* DATASET EXCERPT
Segment Open
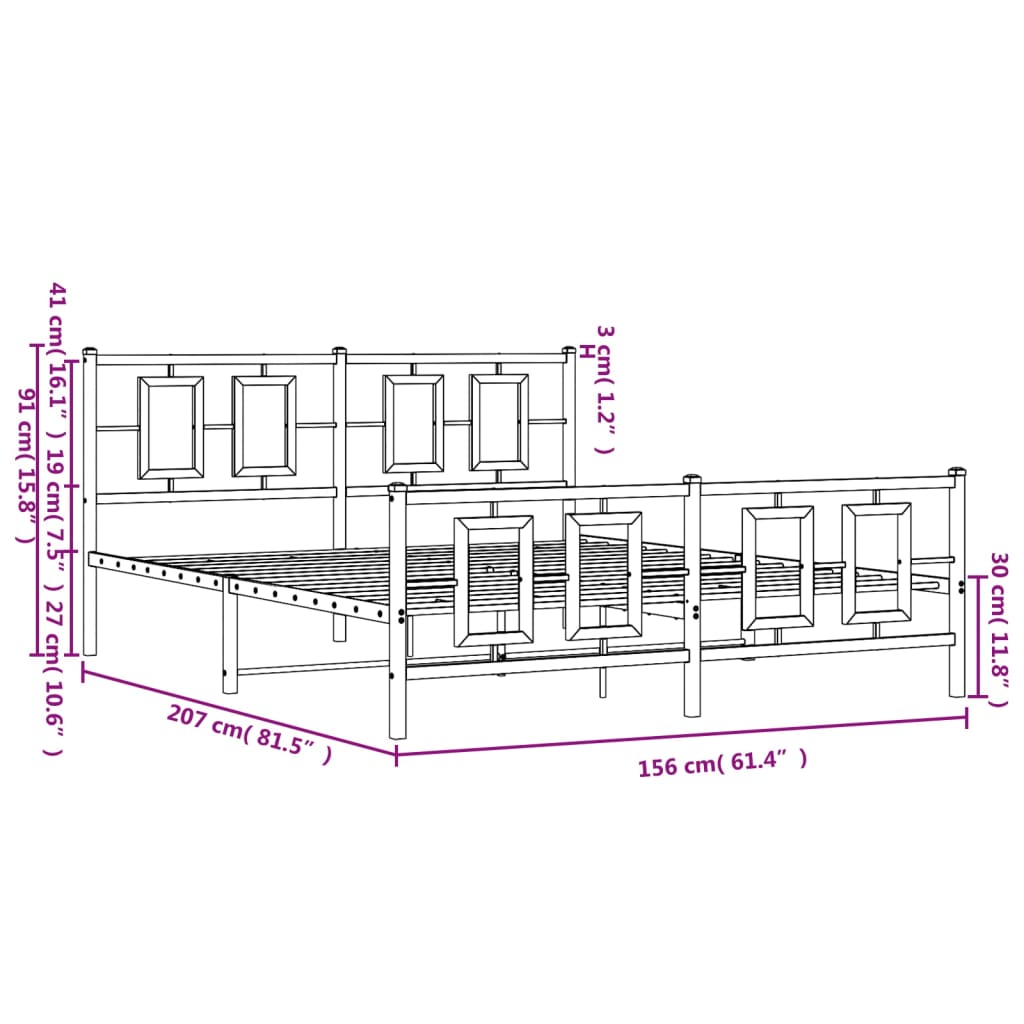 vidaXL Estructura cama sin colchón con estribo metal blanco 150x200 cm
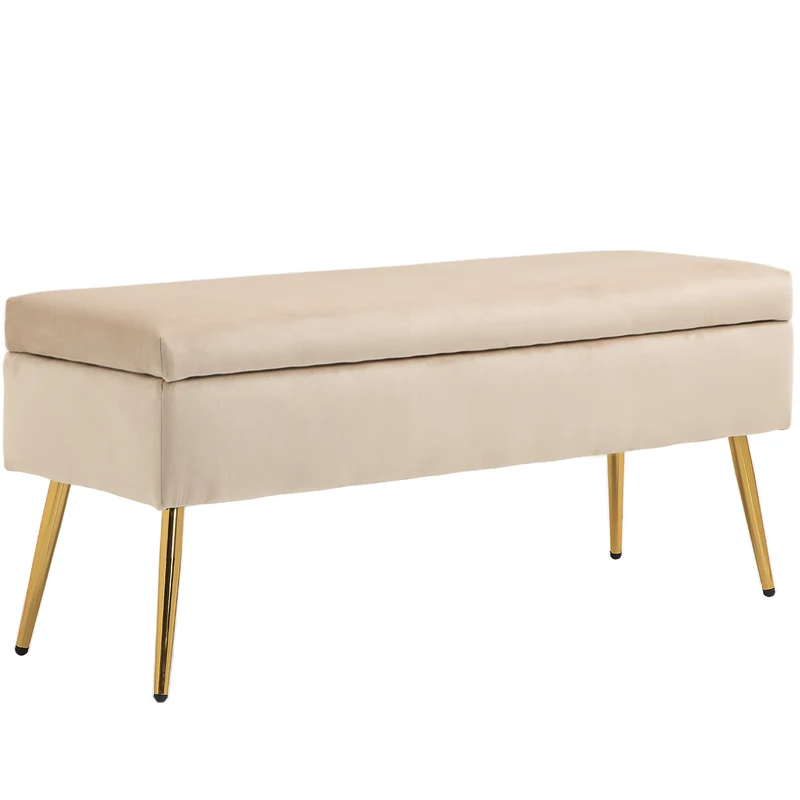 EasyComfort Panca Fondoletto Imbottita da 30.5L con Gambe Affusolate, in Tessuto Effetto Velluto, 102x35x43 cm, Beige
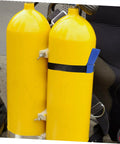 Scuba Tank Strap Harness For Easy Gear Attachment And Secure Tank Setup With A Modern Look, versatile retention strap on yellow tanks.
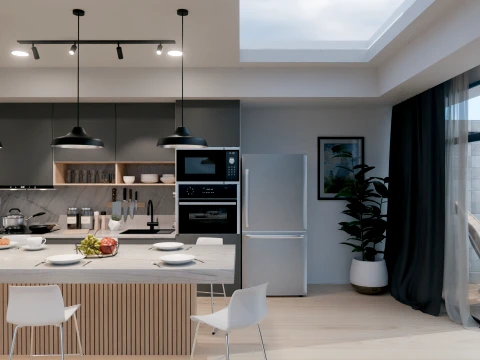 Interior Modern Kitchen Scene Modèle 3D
Segment Closed
In the answer, retype exactly and only the lines from the one holding "Scuba Tank Strap" through the end of the listing, keeping both ends and dropping every picture.

 Scuba Tank Strap Harness For Easy Gear Attachment And Secure Tank Setup With A Modern Look, versatile retention strap on yellow tanks.
 Interior Modern Kitchen Scene Modèle 3D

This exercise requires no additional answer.